Task objective. Set down a faithful copy of every record, and skip the pictures in it.
#####
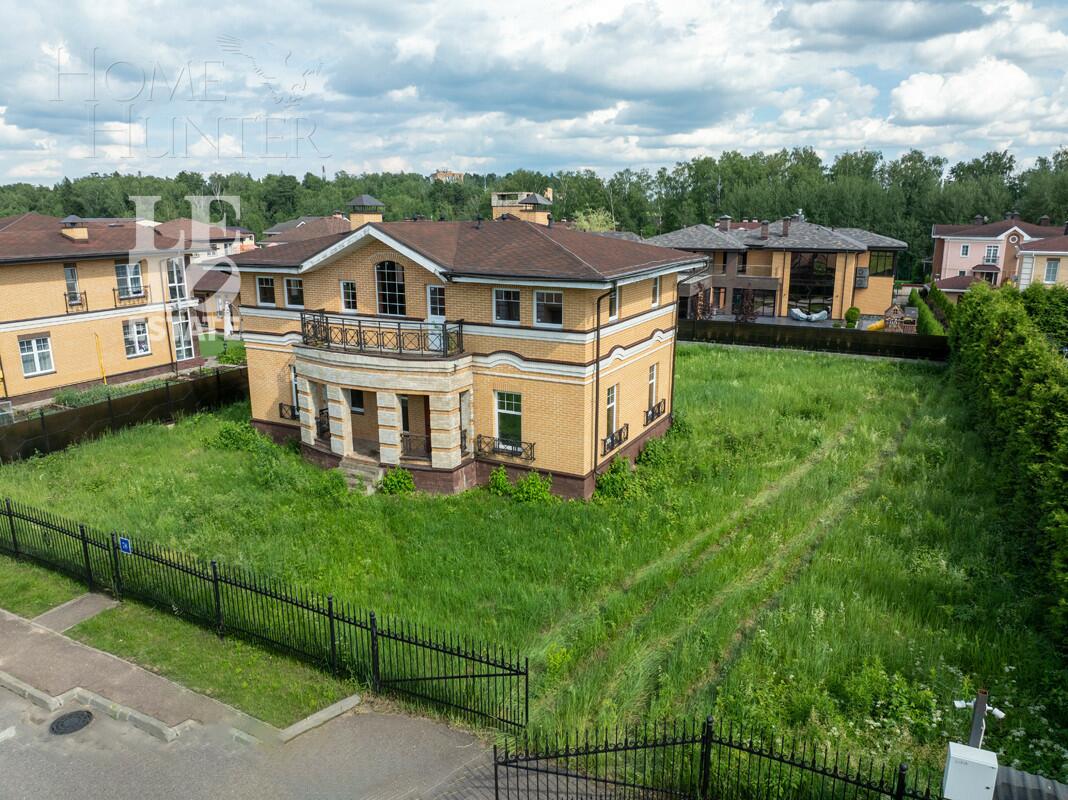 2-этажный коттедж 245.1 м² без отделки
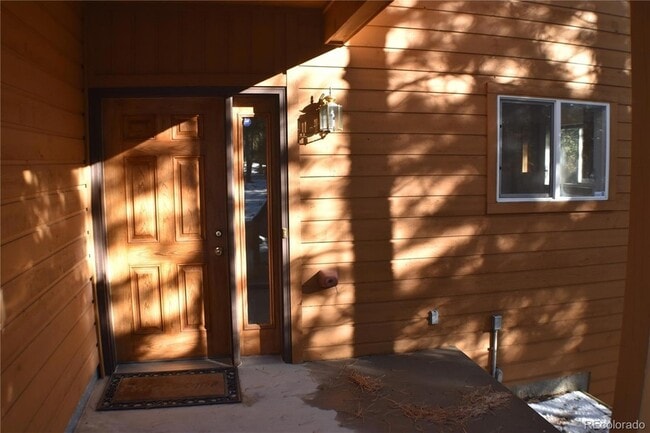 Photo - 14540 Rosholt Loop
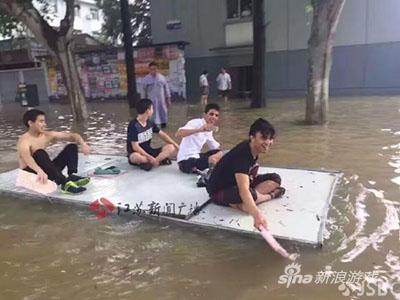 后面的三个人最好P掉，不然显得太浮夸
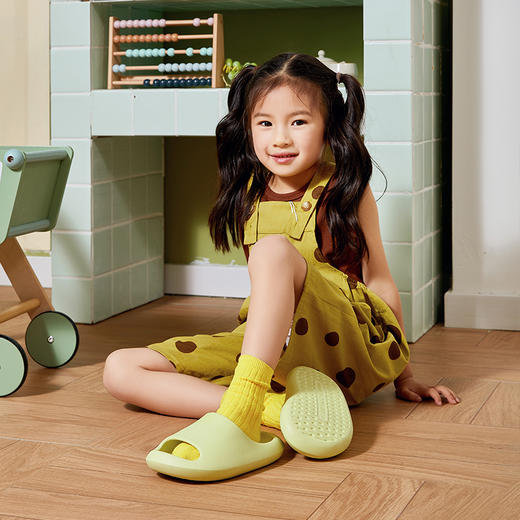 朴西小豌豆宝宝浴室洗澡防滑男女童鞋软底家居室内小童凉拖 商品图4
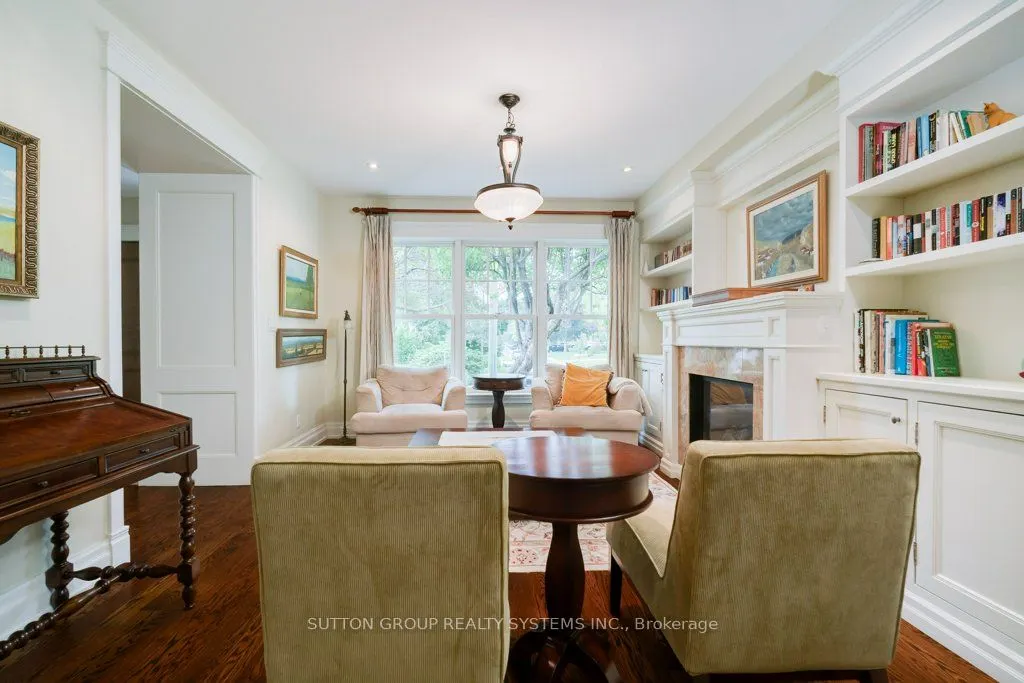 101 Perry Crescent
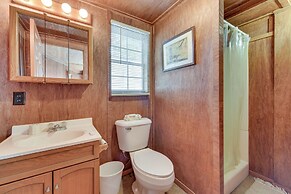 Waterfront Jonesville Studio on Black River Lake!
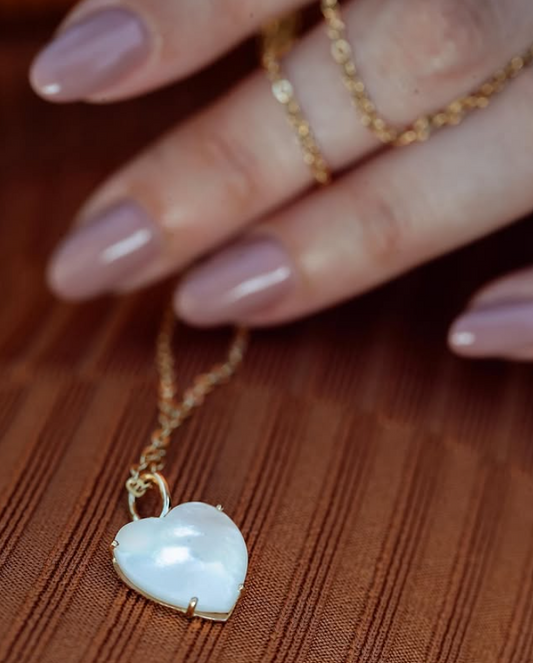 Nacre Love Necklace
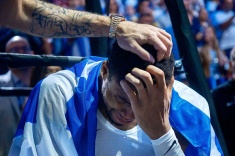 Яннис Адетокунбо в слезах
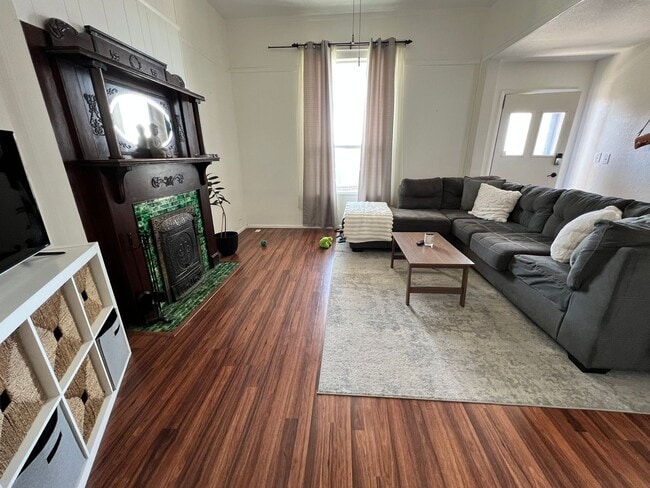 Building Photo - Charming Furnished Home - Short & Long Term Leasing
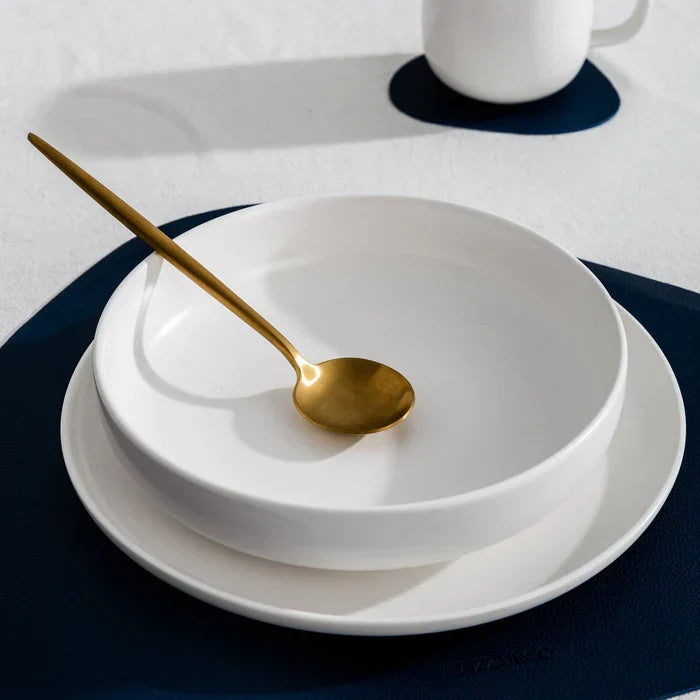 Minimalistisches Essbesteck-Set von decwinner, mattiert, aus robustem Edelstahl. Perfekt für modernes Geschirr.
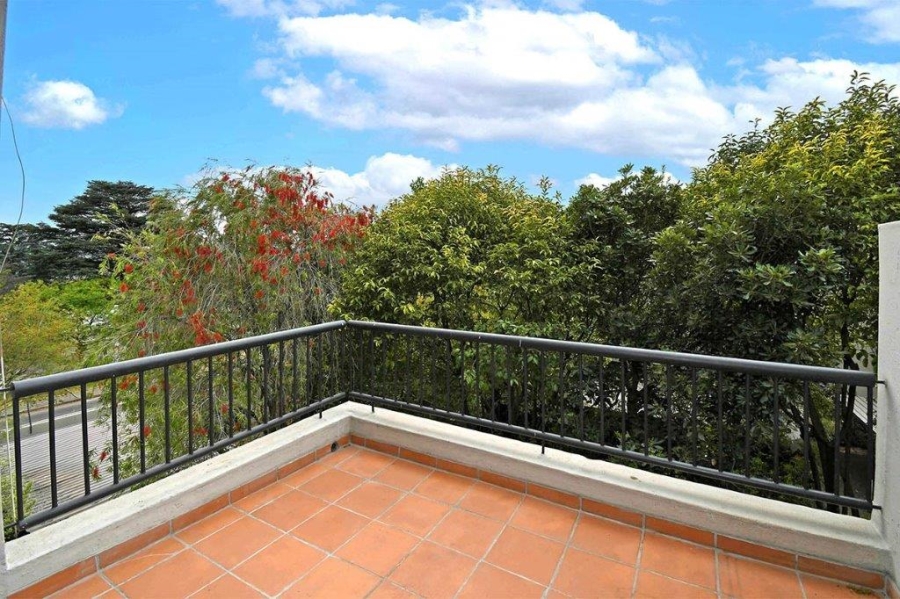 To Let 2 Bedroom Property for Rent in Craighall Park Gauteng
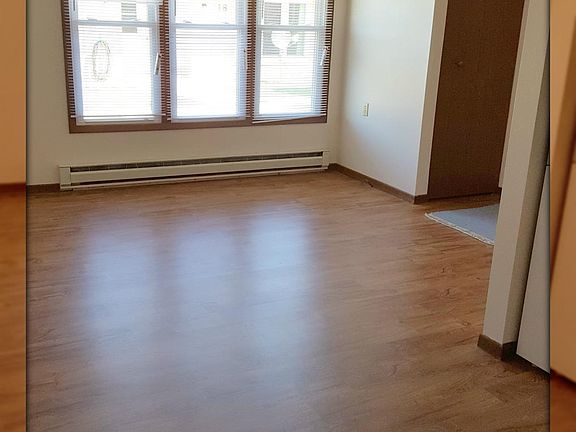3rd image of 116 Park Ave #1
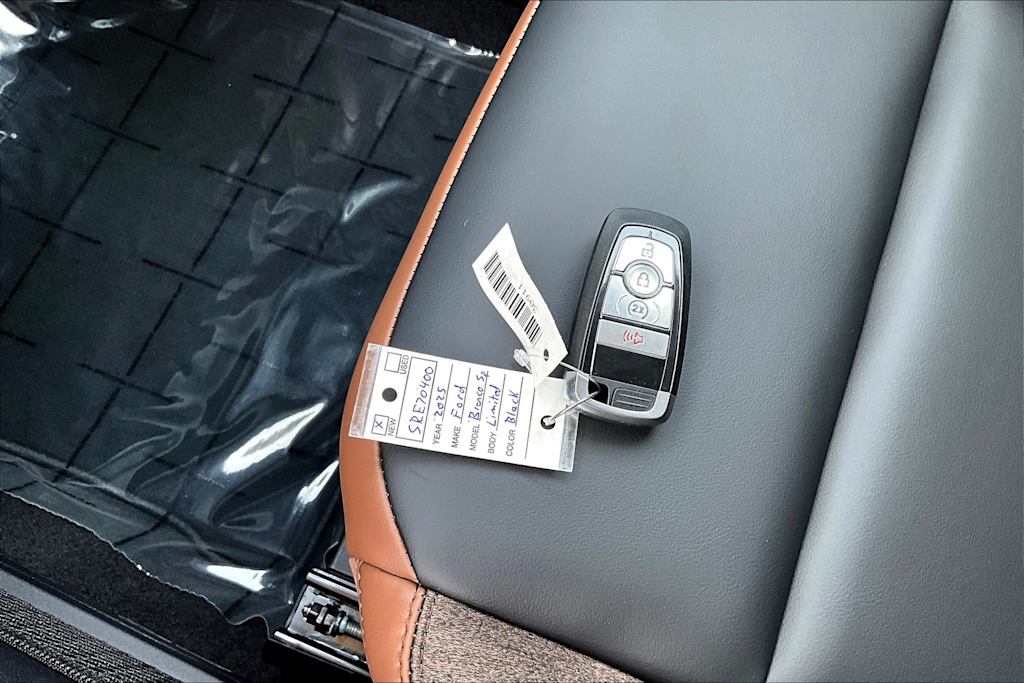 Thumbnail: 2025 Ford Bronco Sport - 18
#####
Answer to this problem.
 2-этажный коттедж 245.1 м² без отделки
 Photo - 14540 Rosholt Loop
 后面的三个人最好P掉，不然显得太浮夸
 朴西小豌豆宝宝浴室洗澡防滑男女童鞋软底家居室内小童凉拖 商品图4
 101 Perry Crescent
 Waterfront Jonesville Studio on Black River Lake!
 Nacre Love Necklace
 Яннис Адетокунбо в слезах
 Building Photo - Charming Furnished Home - Short & Long Term Leasing
 Minimalistisches Essbesteck-Set von decwinner, mattiert, aus robustem Edelstahl. Perfekt für modernes Geschirr.
 To Let 2 Bedroom Property for Rent in Craighall Park Gauteng
3rd image of 116 Park Ave #1
 Thumbnail: 2025 Ford Bronco Sport - 18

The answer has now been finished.